As we grow in experience and wisdom it will become increasingly clear that in order to acquire real, inner tranquillity we shall have to try to train ourselves to let go, to cease clinging with exaggerated intensity to anyone or anything, even to any specific conditions. We always risk losing them by death or a change in their nature, possibly even by a change in ourselves, for the simple reason that in this world of matter everything, we experience is ephemeral. But the emphasis here must be upon "matter".
True love, the affinities between minds and hearts, and indeed all relationships
which depend upon factors at more profound levels, endure beyond death.

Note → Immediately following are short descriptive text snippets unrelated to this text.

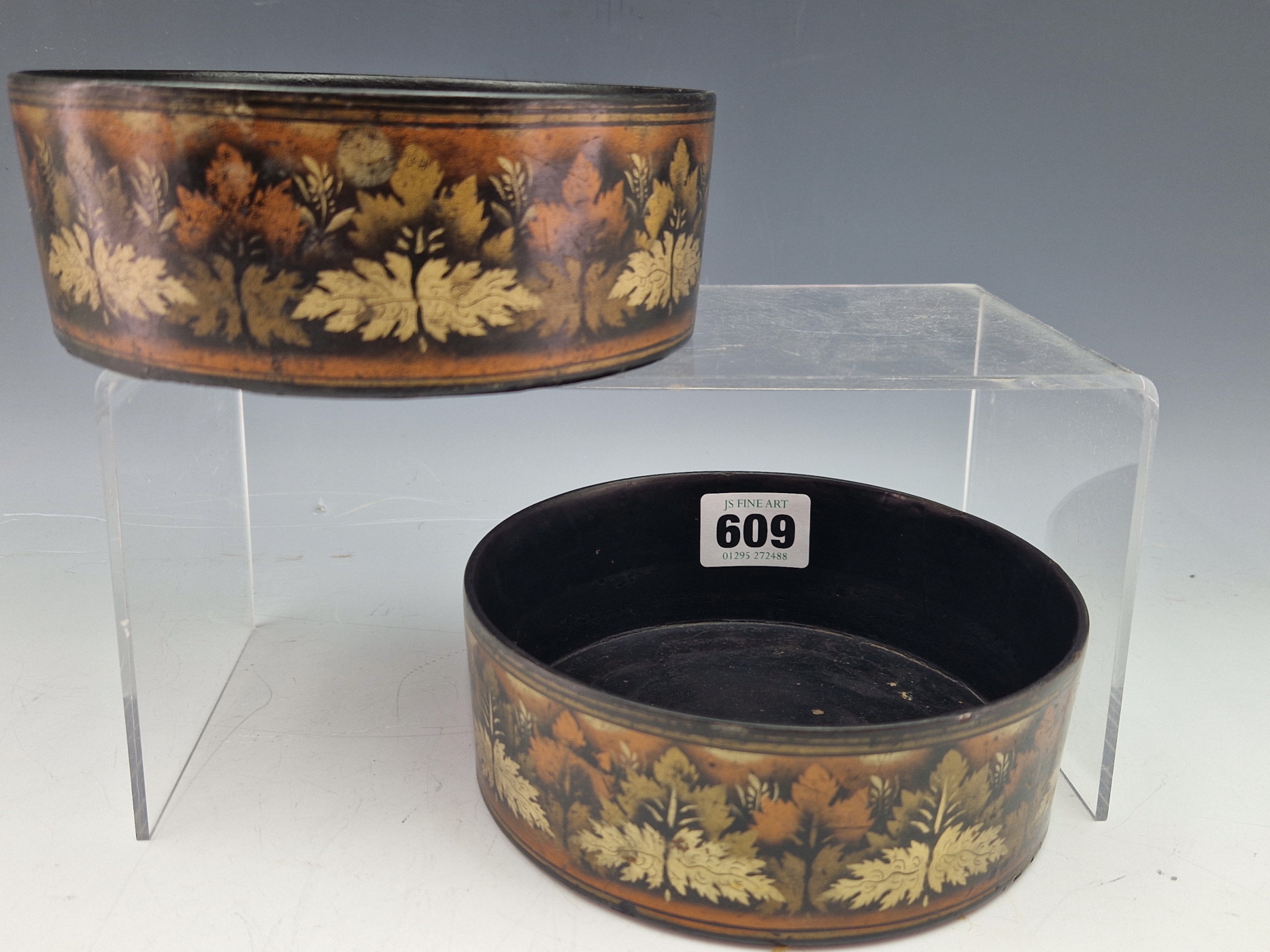 A PAIR OF BLACK PAPIER MACHE WINE COASTERS, THE EXTERIORS GILT IN THREE TONES WITH LEAVES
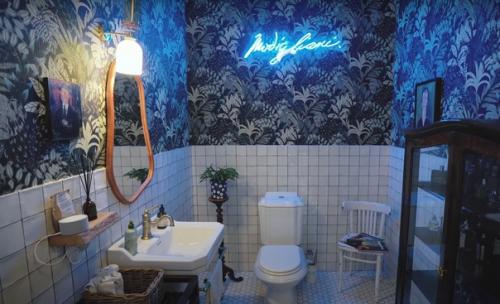 Добро пожаловать в потрясающий дом вероники и Александра Орловых Houseorlove, которые смогли воплотить в реальность свою мечту о доме. 06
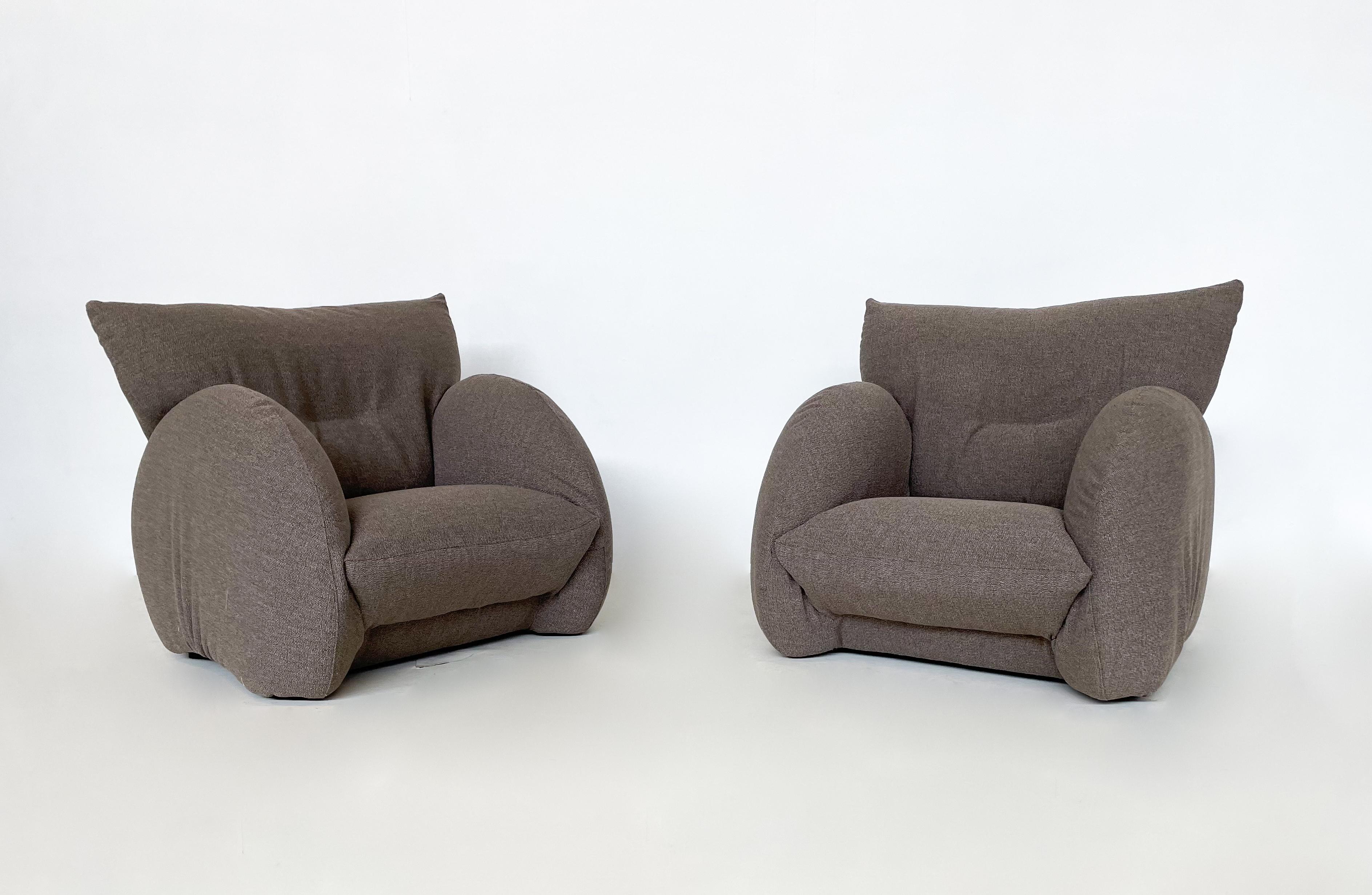 Mid-Century Modern Pair of Italian Armchairs, Italy, 1960s - New Upholstery In Good Condition For Sale In Brussels, BE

It is only because the ultimate goal of every being is the attainment of perfection, that we have to learn so many of our lessons the hard way. But if we can train ourselves to accept death as part of life, we shall not dread it as intensely as most of us do and suffer so much, for our general orientation both to life and to death will change.
Above all, we shall not take the very common attitude when some such disaster
strikes of reacting to it as if it were an unjust blow by an external agency
be it "fate" or the dictate of a stern, tyrannical god.
One so often hears the cry: "Why does God permit ....?"When we have gained greater understanding we know that it is not "God" who allows or disallows. Karma it may be, but what is that but the effects of infinity deeper causes originally initiated by ourselves, energised or brought into activity by love itself (our own soul) when we are ready to experience them.
For the soul is always drawing its little child-self into new opportunities to learn more about life and love, which often means being, at least for a time, deprived of someone dear to us. Such bitter experiences are all part of the process of hewing away the rough stone so that the diamond shall one day shine forth in all its glory.
Once we can glimpse the reasons - or some of them - behind all that befalls us we shall cease our complaints and resentments and get on with life with as much wisdom and efficiency as we can, preparing ourselves, in the case of the death of a loved one, for a future reunion.